Because that idiom fails if $object overloads addition to do something else.

Doh! (Can you tell I don't mess with overloading much? Wasn't even on my radar screen.) OK, then, quick perusal of overload reveals the StrVal function, which can get us back to the original "grab the right substring and convert" approach without the reblessing.

use strict;
use warnings;
use Scalar::Util qw( refaddr );

package Foo;
use overload
    '0+'    => sub { 0 },
    q{""}   => sub { "Some Object" },
    fallback => 1;

package main;
use overload;

sub refaddr_pp {
    return if not ref $_[0];
    overload::StrVal($_[0]) =~ /0x(\w+)/;
    return hex $1;
}

my $obj = bless {}, 'Foo';
my $ref = {};

print 'stringify  $obj: ', "$obj",           "\n";
print 'refaddr    $obj: ', refaddr($obj),    "\n";
print 'refaddr_pp $obj: ', refaddr_pp($obj), "\n\n";
print 'stringify  $ref: ', "$ref",           "\n";
print 'refaddr    $ref: ', refaddr($ref),    "\n";
print 'refaddr_pp $ref: ', refaddr_pp($ref),    "\n\n";
[download]

Prints

stringify  $obj: Some Object
refaddr    $obj: 155892768
refaddr_pp $obj: 155892768

stringify  $ref: HASH(0x94abd10)
refaddr    $ref: 155893008
refaddr_pp $ref: 155893008
[download]

That would work - but pulling in overload seems overkill when we can just use Scalar::Util::blessed to see whether the reblessing hack is necessary.

You're the benchmark master. ;-) One-time hit to require overload and then a single function call, or always check blessed, store the original package and bless twice?

Or how about this -- so we only use it if something else has loaded overload and the object is actually overloaded?

sub refaddr_pp {
    return if not ref $_[0];
    if (    exists $INC{'overload.pm'}  
         && overload::Overloaded($_[0]) ) {
        overload::StrVal($_[0]) =~ /0x(\w+)/;
        return hex $1;
    }
    else {
        return 0 + $_[0];
    }
}
[download]

-xdg

Code written by xdg and posted on PerlMonks is public domain. It is provided as is with no warranties, express or implied, of any kind. Posted code may not have been tested. Use of posted code is at your own risk.

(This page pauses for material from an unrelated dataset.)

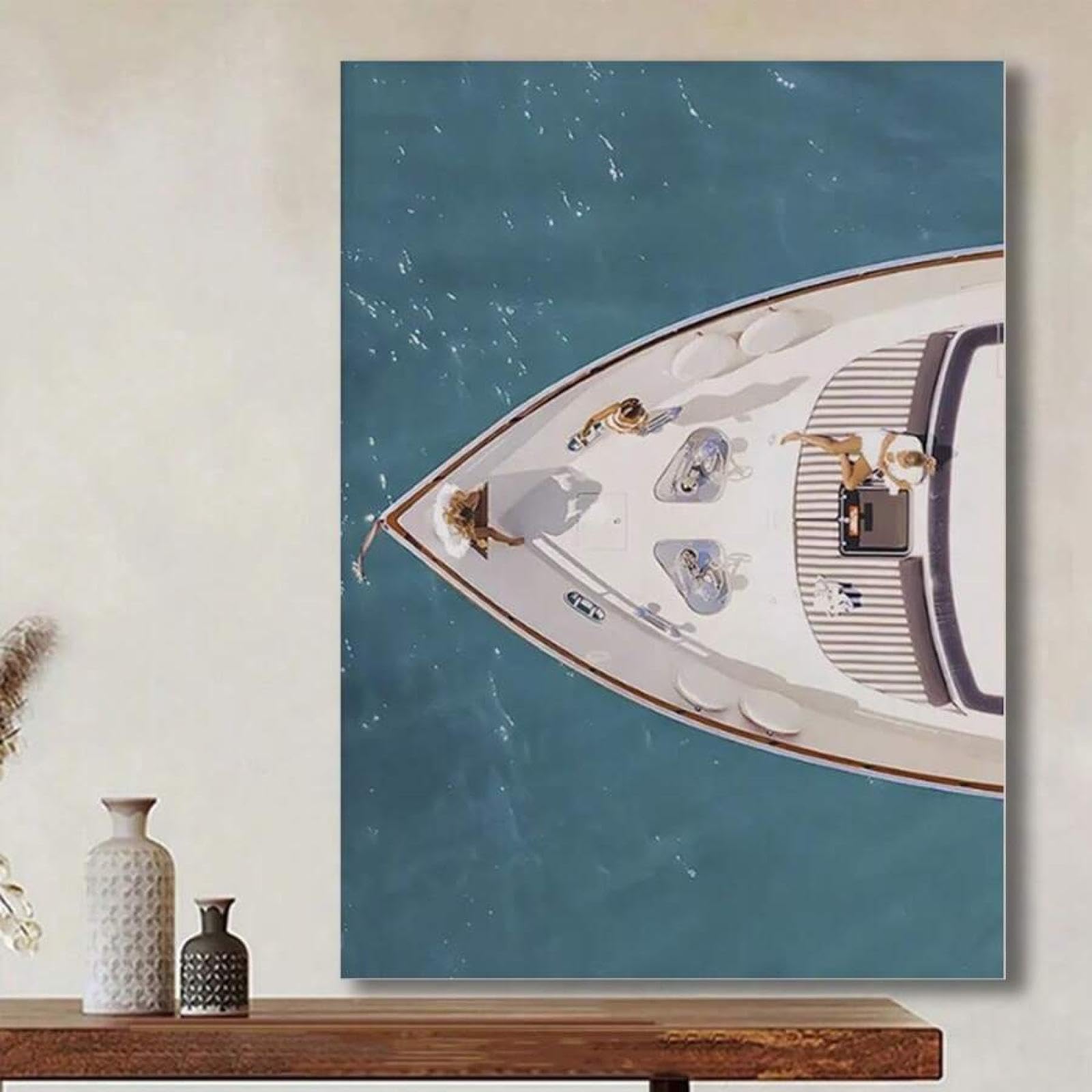 Affiche de yacht de luxe rétro impression sur toile jet d'encre 21x30cm - 8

Your code introduces a bug not in the original, here:

      overload::StrVal($_[0]) =~ /0x(\w+)/;
[download]

You use the same regexp as the original, but because you are no longer blessing into a known package the regexp may match the package name instead of the address. Indeed, a bug common enough to warrant the introduction of a new fatal error in perl-5.8 would give rise to exactly that situation:

  zen% cat t0
  package A; $x = bless {}; $y = bless [], $x; print "$y";

  zen% /opt/perl-5.6.1/bin/perl -wl t0
  A=HASH(0x811198c)=ARRAY(0x8111a94)

  zen% /opt/perl-5.8.0/bin/perl -wl t0
  Attempt to bless into a reference at t0 line 1.
[download]

Admittedly it is harder to get an overloaded object inadvertently in the wrong class like this, but "0x" is not so unusual a sequence of characters that it is fair to assume it will never appear in a legitimate package name. In any case it is easy enough to fix, with either /.*0x(\w+)/ or /0x(\w+)\)\z/.

Hugo

Wouldn't blessing a copy of the reference in order to extract the address work, and allow the blessed copy to be discarded leaving the original unmodified?

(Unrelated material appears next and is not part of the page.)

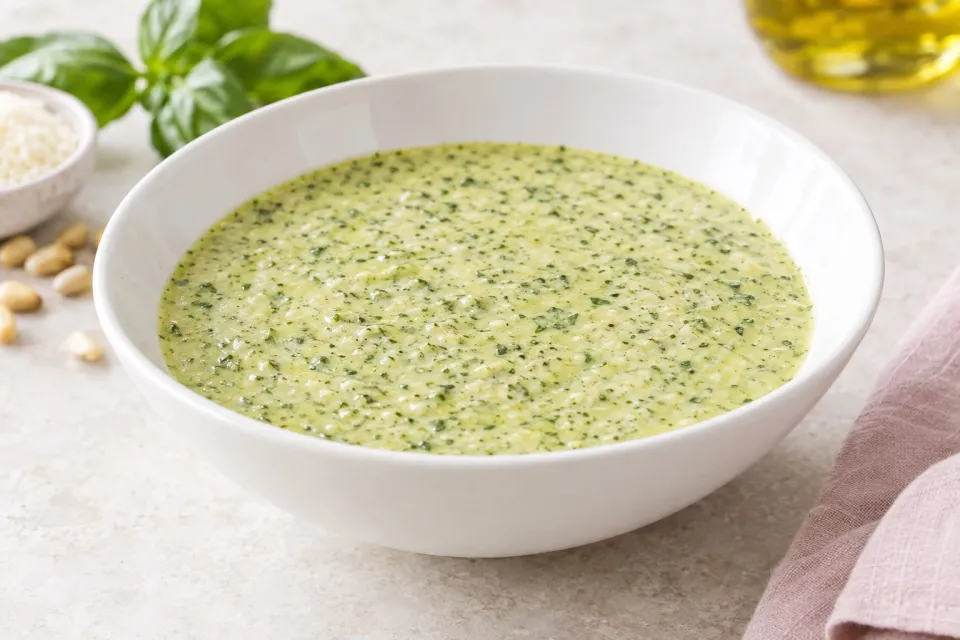 The Old Spaghetti Factory’s Creamy Pesto Salad Dressing Copycat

Wouldn't blessing a copy of the reference in order to extract the address work, and allow the blessed copy to be discarded leaving the original unmodified?

Nope. Blessedness is associated with the referent not the reference. For example:

use Test::More 'no_plan';

my $original = bless {}, 'Something';
isa_ok $original, 'Something';

my $copy = $original;
bless $copy, 'SomethingElse';

isa_ok $original, 'SomethingElse';

__END__

ok 1 - The object isa Something
ok 2 - The object isa SomethingElse
1..2
[download]

Anyway, after reblessing the object, wouldn't it be better to take the reference in numeric context than to extract the number from the string form?

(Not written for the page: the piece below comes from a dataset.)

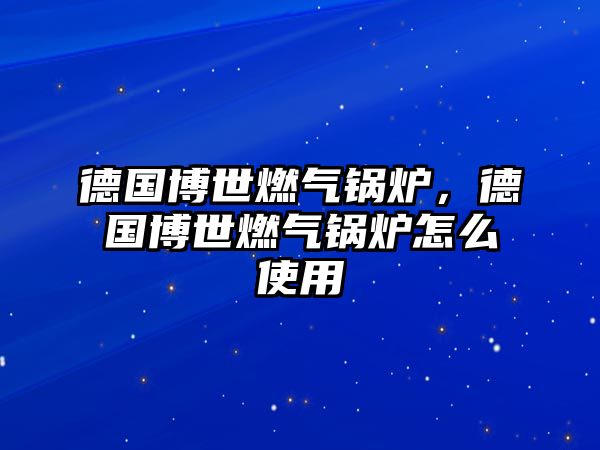 德國(guó)博世燃?xì)忮仩t，德國(guó)博世燃?xì)忮仩t怎么使用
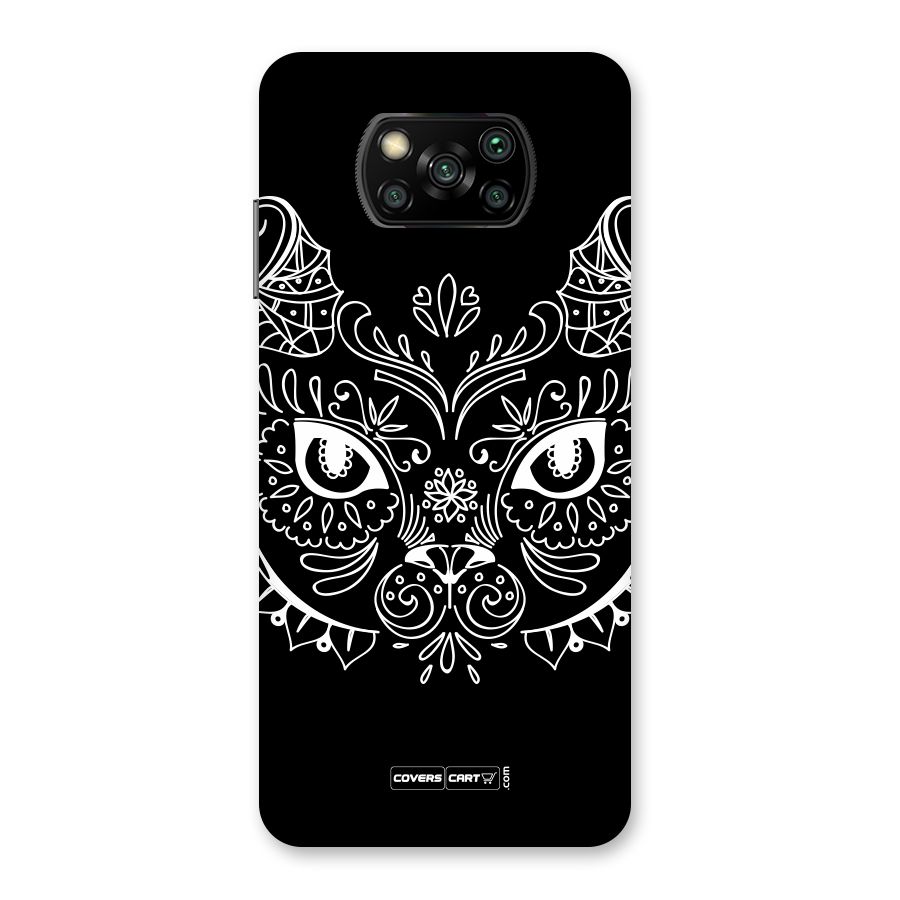 Ethnic Cat Design Back Case for Poco X3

Anyway, after reblessing the object, wouldn't it be better to take the reference in numeric context than to extract the number from the string form?

True, although I've no idea off the top of my head whether that behaviour has always been in Perl so there may be issues with the perl versions that Scalar::Util supports.

You might be right... the phrase

Using a reference as a number produces an integer representing its storage location in memory. The only useful thing to be done with this is to compare two references numerically to see whether they refer to the same location.

has got into perlref between 5.005 and 5.6.0. The feature might have been there from the start though.

If it's backwards compatible, and if speed is the utility function, yes. Surprisingly, unless I'm missing something, it's even faster than refaddr, at least for my environment (perl 5.8.6 on linux i386).

Update: clearly, what I'm missing is reading the docs to Benchmark and proofreading my code. Stupid errors fixed, I hope. 0 + $ref still seems to be faster than the XS refaddr, which is surprising, but maybe that's the function call overhead.

use strict;
use warnings;
use Scalar::Util qw( refaddr );
use Benchmark qw( cmpthese );

my $ref = {};

cmpthese( -5, {
    'xs   ' => sub { refaddr $ref },
    'regex' => sub { "$ref" =~ /0x(\w+)/; hex $1; },
    '0+ref' => sub { 0 + $ref },
});
[download]

Result:

           Rate regex xs    0+ref
regex  165816/s    --  -89%  -97%
xs    1504549/s  807%    --  -73%
0+ref 5550057/s 3247%  269%    --
[download]

-xdg

Code written by xdg and posted on PerlMonks is public domain. It is provided as is with no warranties, express or implied, of any kind. Posted code may not have been tested. Use of posted code is at your own risk.